The Agricultural Model Intercomparison and Improvement Project (AgMIP) is a major international collaborative effort focusing on “incorporating state-of-the-art climate products as well as crop and agricultural economic model improvements in coordinated regional and global assessments of future climate impacts”. CCAFS, with its former Theme on Policy Analysis, had been co-leading the AGMIP Global Economics Team during AgMIP Phase 1 (2011-2013), with an emphasis on global economic modeling.
The goals of AgMIP are to improve substantially the characterization of world food security due to climate change and to enhance adaptation capacity in both developing and developed countries.
Analyses of the agricultural impacts of climate variability and change require a transdisciplinary effort to consistently link climate scenarios to crop and economic models. Crop model outputs are aggregated as inputs to regional and global economic models to determine regional vulnerabilities, changes in comparative advantage, price effects, and potential adaptation strategies in the agricultural sector.
AgMIP is a distributed climate-scenario simulation exercise for historical model intercomparison and future climate change conditions with participation of multiple crop and agricultural economics modeling groups around the world. It aims to significantly enhance information, including uncertainty estimates, to guide policymakers regarding risk of hunger, world food security, and agricultural adaptation, under a changing climate.
A key aspect of the Global Economics team work is to create capacity-building partnerships among agricultural crop and economic modelers around the world, with a goal to facilitate intercomparison of both regional and global agricultural market models being used for climate change impact and adaptation research.
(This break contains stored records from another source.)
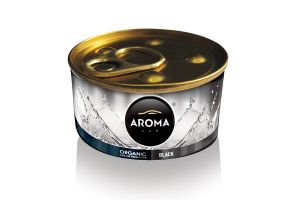 Aroma Car Air Freshener Organic Can 40 g Black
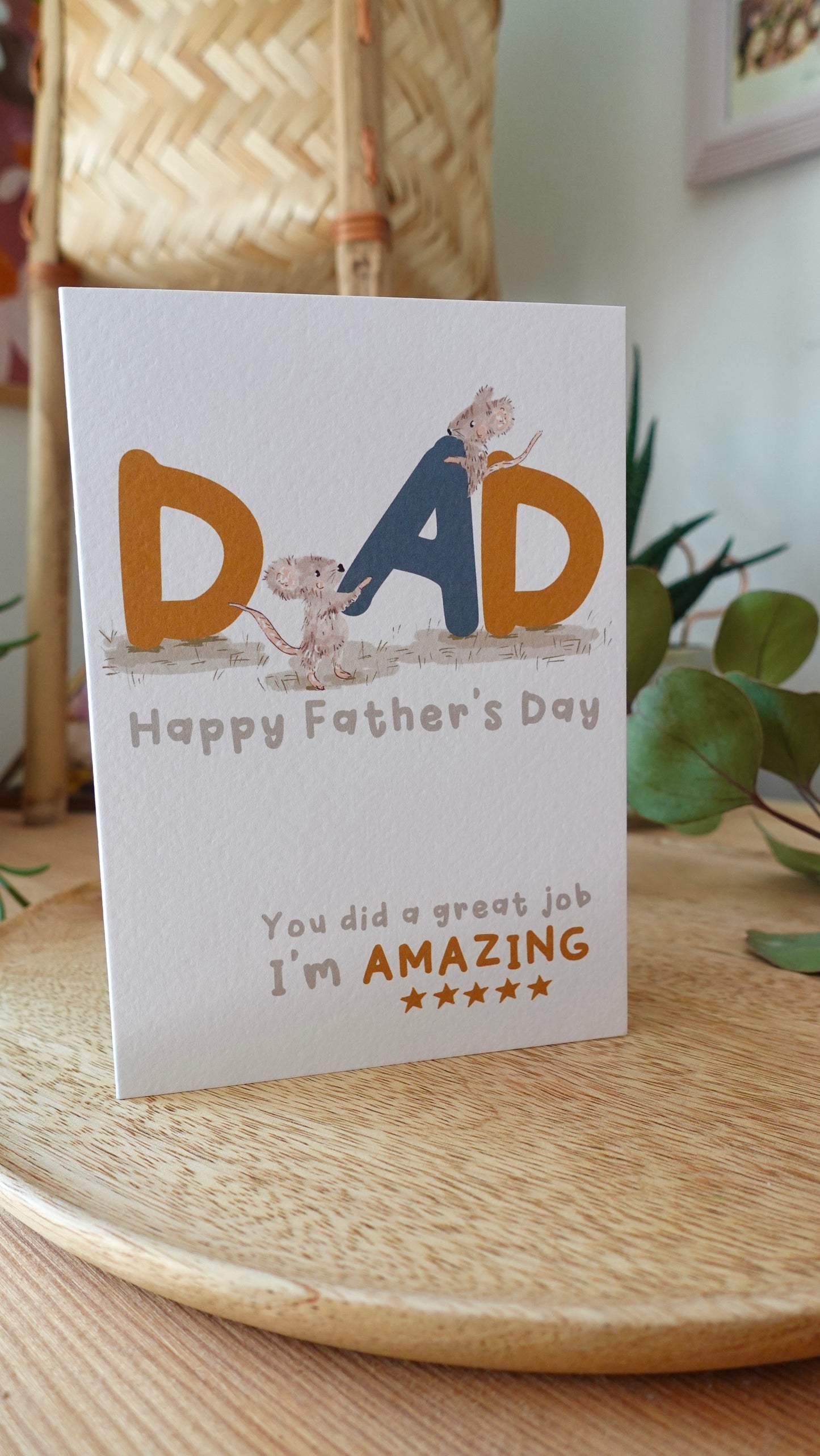 Mouse Father’s Day Card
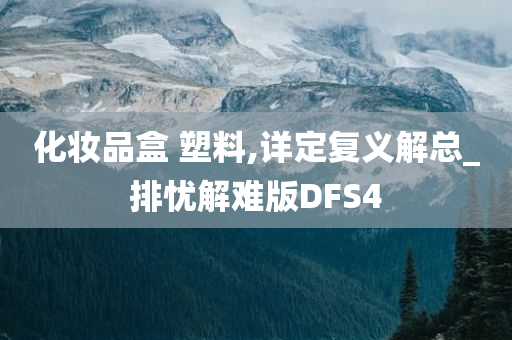 化妆品盒 塑料,详定复义解总_排忧解难版DFS4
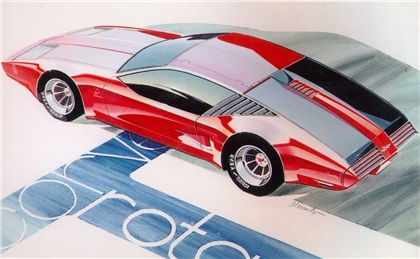 Chevrolet XP-897GT Two-Rotor, 1973 - Design Sketch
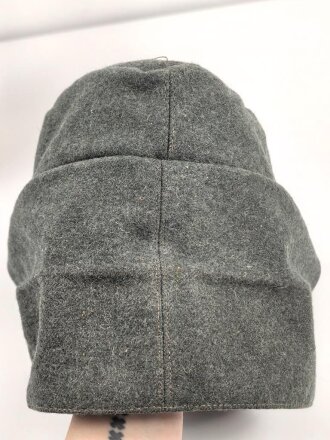 Heer, Feldmütze Modell 1943 für Mannschaften. Italienische Fertigung, typische lackierte Holzknöpfe,  Kopfgrösse 56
During AgMIP’s Phase 1 (2011-2013), the global economic research included 10 models. It was partially incepted to support the IPCC fifth assessment report (AR5). Key results of this work have been included in a PNAS paper and a special issue in the Journal of Agricultural Economics. This work has provided broad insights into how the modeling groups approached the interactions of climate, socioeconomics, and bioenergy policy on agricultural outcomes, including land use, prices, consumption, and production.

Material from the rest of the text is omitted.